━━━━━ Exercise materials

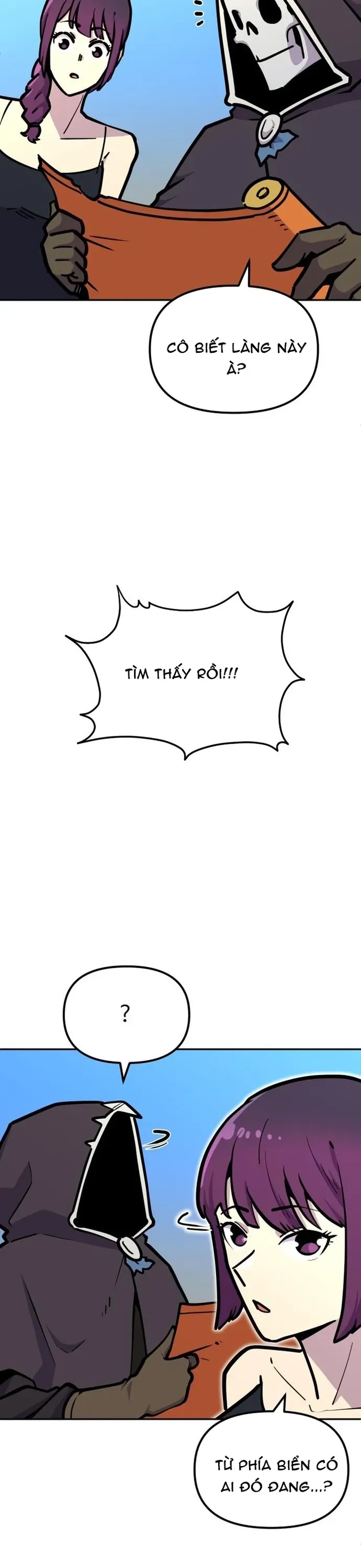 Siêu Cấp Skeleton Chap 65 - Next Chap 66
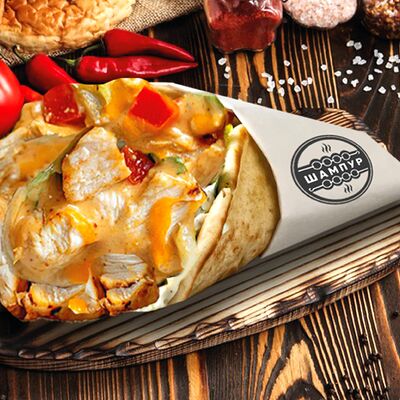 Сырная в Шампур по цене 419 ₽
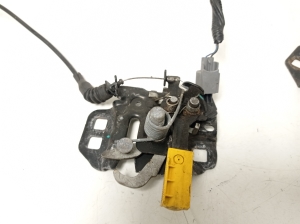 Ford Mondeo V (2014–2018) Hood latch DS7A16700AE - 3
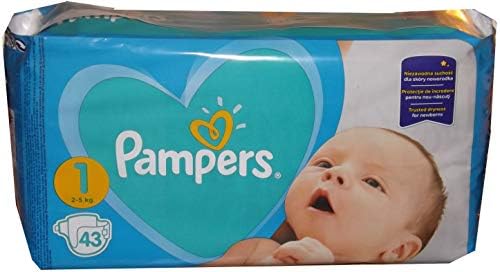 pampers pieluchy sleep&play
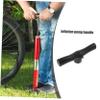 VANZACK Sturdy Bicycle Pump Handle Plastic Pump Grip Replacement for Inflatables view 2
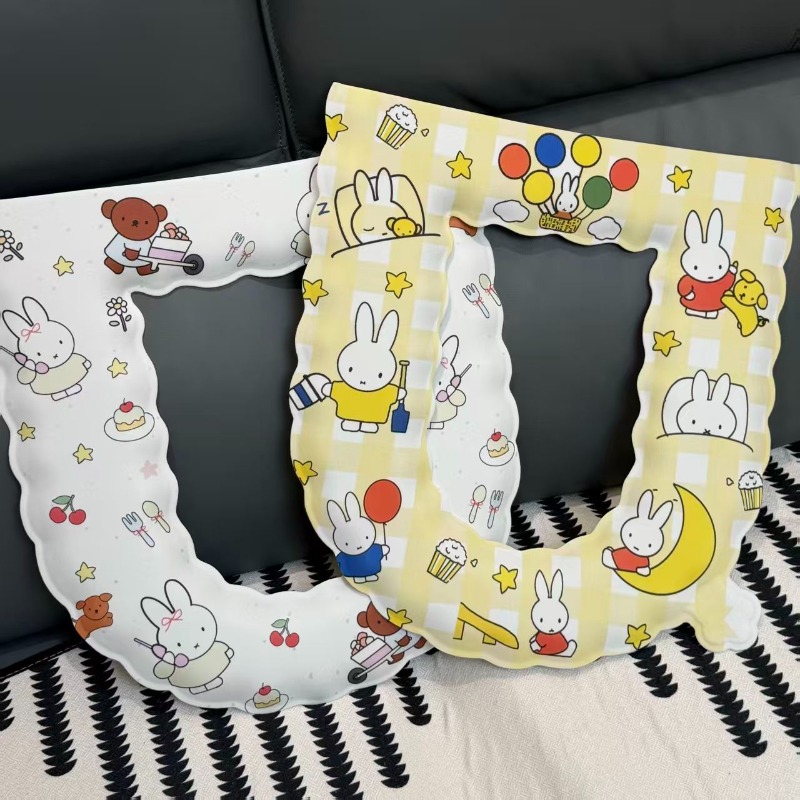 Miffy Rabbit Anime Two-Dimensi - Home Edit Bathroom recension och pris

━━━━━━━━━━

Exercise description
Only the lines from the one containing "Сырная в Шампур по цене 419 ₽" to the end of the listing belong in the answer, exactly as they stand and with no pictures.

Your response
 Сырная в Шампур по цене 419 ₽
 Ford Mondeo V (2014–2018) Hood latch DS7A16700AE - 3
 pampers pieluchy sleep&play
 VANZACK Sturdy Bicycle Pump Handle Plastic Pump Grip Replacement for Inflatables view 2
 Miffy Rabbit Anime Two-Dimensi - Home Edit Bathroom recension och pris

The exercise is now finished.